My #1 New Year's resolution?
To actually use the Kindle that has sat at the bottom of my closet shelf for the past four months and find books to replace my pastime of doom-scrolling on TikTok.
With a hardly touched TikTok app and five completed books in 2026, I decided to stray from my recent obsession with Stephen King novels and download Lucy Clarke's newly released psychological thriller, "The Castaways." The book's over 7,000 five-star reviews on Goodreads helped solidify my choice.
However, a week and 416 pages later, there's only one word I can use to describe the book: mediocre.
The book opens with two English sisters, Lori and Erin, who were set to board a flight to Limaji, a luxury island in the archipelago, from an airport in Fiji. A promising beginning — after all, who doesn't love a tropical setting?
Switching between Lori’s “then” and Erin's “now” chapters, I was quickly transported back-and-forth in time from two years ago when Lori took off from the Fiji airport, and in real-time, with Erin struggling to grasp the disappearance of flight FJ209, the same flight her sister boarded alone.
Erin's chapters, which were filled with her grief-ridden drinking problems and clear hatred for her journalist job in London, dragged on without any clue as to what happened to her sister and why Erin didn't board the plane with her to begin with.
Every time I saw the name “Erin” at the beginning of a chapter, I had to mentally prepare myself to reread the next 15 pages over again because I could hardly concentrate on anything except how bored I was with her dialogue.
Despite my annoyance with Erin’s character, I found Lori’s chapters encapsulated the book's genre — thriller — which was the reason I started it in the first place.

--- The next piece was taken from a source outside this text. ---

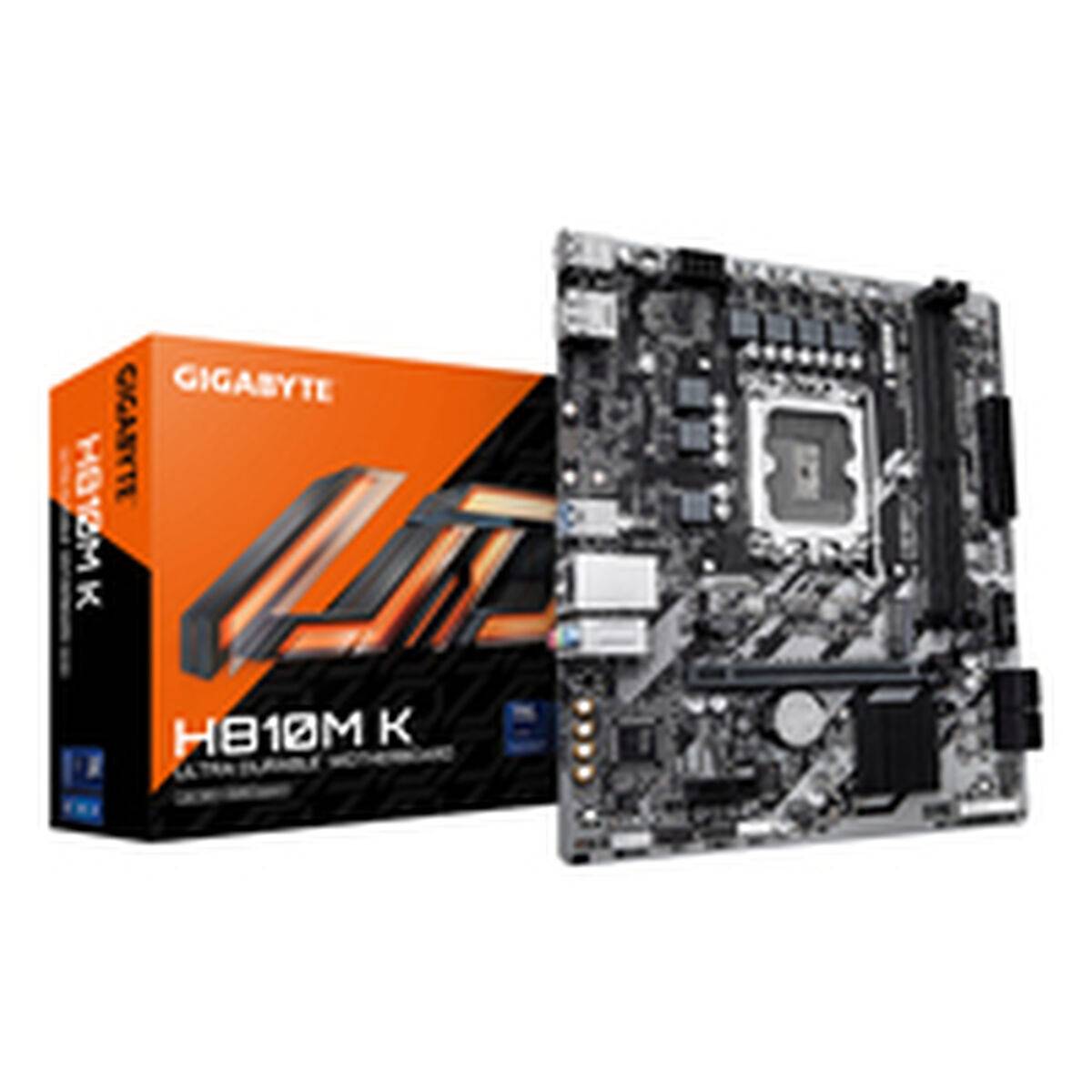 Placa Base Gigaset 9MH810MK-00-G10 LGA 1851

From her palpable anxiety as she realizes her sister will leave her to travel alone on a small plane with only seven other passengers, to Lori’s horrific realization that the plane is going to crash, the tension among the passengers kept me reading page after page.
Although the constant changes in point of view and time period between Erin and Lori made it hard to follow the plot, I appreciated being able to read how both sisters were dealing with their respective crises.

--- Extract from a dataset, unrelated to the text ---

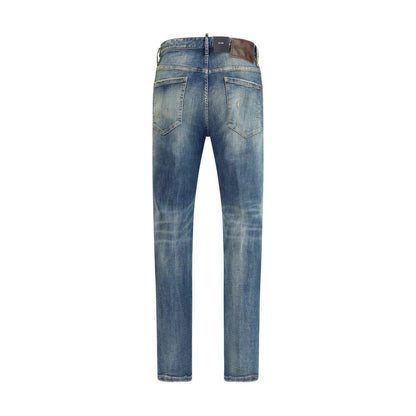 Dsquared² Skinny Jeans - Herren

After only a few chapters, Erin ends up back in Fiji to continue her obsession with figuring out what happened to her sister, all while promising her boss to write a story about recent developments in the flight disappearance.

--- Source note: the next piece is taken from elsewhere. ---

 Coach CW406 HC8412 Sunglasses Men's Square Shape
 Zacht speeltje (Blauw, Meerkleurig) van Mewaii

Not only does Erin become insufferable as the book progresses, but she also very slowly begins to relive memories of the night before the flight disappeared. Rather than adding to the suspense, this only makes her seem like a liar withholding information that could be critical to the investigation of flight FJ209.
I spent most of my time reading, waiting for Erin to reveal something meaningful or profound to the plot, but she rarely added anything except fluff and depressing millennial clichés:
“I forgot about the microwave lasagna sweating on the kitchen side and eat cereal straight from the box, dry granola showering my chest as I push handfuls into my mouth, eyes on the screen, washed down with gulps of wine.”
As for Lori’s chapters, I became more intrigued as her storyline went on.
Lori single-handedly carried the entire book — a crash landing on a remote island in the Pacific and the tensions that came with being stranded.
Even though there were times when unnecessary love triangles and overly complex plot twists made the island plot feel like a dramatic episode of Love Island, I was impressed by how well Clarke depicted the emotions and the impending doom of the crash survivors.
I truly felt a sense of anxiety for Lori that kept me exhilarated while reading her chapters. From finding food and shelter to living on an island with complete strangers, I was hooked.
However, when I reached page 350, I began to feel as though I was reading the same thing over and over again.
With Erin's constant whining and borderline torturous, complaining behavior — with little to no consequences — as well as Lori’s day-by-day life on the island, the book started to just morph together into one large, predictable ending.
What started as a somewhat promising mystery novel turned into a series of ridiculous plotlines that couldn't end fast enough. Though I was intrigued enough by various parts of the book not to call it quits, this book will only be saved for mindless late-night reads, perfect for falling asleep.